Saved data entries
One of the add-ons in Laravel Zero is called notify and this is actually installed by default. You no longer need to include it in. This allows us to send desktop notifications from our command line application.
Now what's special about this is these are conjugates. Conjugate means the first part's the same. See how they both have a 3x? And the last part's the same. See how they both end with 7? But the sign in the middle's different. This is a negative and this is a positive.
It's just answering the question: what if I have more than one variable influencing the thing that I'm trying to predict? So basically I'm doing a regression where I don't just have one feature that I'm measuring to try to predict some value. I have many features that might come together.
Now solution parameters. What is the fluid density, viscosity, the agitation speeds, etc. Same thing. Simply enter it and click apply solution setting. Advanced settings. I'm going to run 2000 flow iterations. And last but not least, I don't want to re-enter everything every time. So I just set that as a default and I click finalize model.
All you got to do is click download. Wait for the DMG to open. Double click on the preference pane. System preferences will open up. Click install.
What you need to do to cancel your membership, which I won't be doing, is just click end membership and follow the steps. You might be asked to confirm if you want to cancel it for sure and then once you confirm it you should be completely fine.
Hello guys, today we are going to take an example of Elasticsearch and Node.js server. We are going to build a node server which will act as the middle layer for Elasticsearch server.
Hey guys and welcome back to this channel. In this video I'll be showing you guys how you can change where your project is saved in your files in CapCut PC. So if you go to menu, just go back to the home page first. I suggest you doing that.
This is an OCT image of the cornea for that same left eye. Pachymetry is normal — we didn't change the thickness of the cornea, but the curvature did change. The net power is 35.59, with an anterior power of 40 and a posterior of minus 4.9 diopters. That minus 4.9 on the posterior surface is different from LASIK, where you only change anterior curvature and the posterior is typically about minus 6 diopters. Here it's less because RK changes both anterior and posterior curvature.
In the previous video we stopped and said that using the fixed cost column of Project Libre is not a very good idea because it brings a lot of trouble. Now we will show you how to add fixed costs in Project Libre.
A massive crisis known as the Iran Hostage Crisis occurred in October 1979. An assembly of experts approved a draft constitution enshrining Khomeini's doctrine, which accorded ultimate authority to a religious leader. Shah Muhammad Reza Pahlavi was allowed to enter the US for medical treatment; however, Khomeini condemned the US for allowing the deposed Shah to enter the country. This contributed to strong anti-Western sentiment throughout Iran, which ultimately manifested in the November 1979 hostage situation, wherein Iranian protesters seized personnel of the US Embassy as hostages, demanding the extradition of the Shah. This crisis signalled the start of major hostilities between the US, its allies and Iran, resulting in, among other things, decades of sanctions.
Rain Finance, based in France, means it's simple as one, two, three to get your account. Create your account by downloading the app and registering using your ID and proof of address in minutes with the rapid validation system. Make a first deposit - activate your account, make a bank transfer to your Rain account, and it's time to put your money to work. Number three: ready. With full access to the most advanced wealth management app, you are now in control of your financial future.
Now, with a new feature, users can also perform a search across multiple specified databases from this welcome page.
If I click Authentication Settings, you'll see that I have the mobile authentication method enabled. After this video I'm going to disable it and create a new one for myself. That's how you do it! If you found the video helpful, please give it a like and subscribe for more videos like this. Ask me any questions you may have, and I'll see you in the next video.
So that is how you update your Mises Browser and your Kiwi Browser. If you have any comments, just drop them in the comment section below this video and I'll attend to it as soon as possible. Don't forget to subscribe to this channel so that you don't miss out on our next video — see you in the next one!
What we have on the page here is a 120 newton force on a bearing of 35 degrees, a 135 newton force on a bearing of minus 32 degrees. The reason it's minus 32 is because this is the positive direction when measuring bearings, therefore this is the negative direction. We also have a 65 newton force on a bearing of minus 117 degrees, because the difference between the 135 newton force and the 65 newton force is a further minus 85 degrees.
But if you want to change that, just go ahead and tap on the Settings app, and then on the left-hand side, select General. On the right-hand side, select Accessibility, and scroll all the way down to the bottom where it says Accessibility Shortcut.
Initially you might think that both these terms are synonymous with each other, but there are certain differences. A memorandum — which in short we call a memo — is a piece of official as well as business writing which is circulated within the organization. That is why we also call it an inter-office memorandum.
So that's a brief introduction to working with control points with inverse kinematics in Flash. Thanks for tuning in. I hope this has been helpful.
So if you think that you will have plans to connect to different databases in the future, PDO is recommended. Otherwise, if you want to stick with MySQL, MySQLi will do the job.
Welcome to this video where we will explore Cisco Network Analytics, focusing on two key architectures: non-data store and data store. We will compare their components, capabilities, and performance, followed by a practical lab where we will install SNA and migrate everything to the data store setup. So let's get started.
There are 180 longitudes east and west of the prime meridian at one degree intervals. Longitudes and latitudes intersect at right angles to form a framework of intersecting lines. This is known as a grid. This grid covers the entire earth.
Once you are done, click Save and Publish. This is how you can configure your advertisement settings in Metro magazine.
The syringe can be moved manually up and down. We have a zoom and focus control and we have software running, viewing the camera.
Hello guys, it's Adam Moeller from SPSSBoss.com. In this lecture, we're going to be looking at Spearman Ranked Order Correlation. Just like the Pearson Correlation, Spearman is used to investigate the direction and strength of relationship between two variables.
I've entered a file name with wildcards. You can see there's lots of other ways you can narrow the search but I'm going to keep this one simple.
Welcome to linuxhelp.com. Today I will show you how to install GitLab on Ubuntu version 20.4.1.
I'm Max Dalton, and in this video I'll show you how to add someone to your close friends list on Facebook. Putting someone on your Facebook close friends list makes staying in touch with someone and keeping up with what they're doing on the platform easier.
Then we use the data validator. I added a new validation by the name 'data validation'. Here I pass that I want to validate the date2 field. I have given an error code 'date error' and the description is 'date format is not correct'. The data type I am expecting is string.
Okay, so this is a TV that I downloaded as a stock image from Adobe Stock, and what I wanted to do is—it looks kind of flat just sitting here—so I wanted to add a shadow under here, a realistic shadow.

> [Problem requirements]
Read the lines above. Gather those in which the string "databases" is found.

> [Output of the task]
Now, with a new feature, users can also perform a search across multiple specified databases from this welcome page.
So if you think that you will have plans to connect to different databases in the future, PDO is recommended. Otherwise, if you want to stick with MySQL, MySQLi will do the job.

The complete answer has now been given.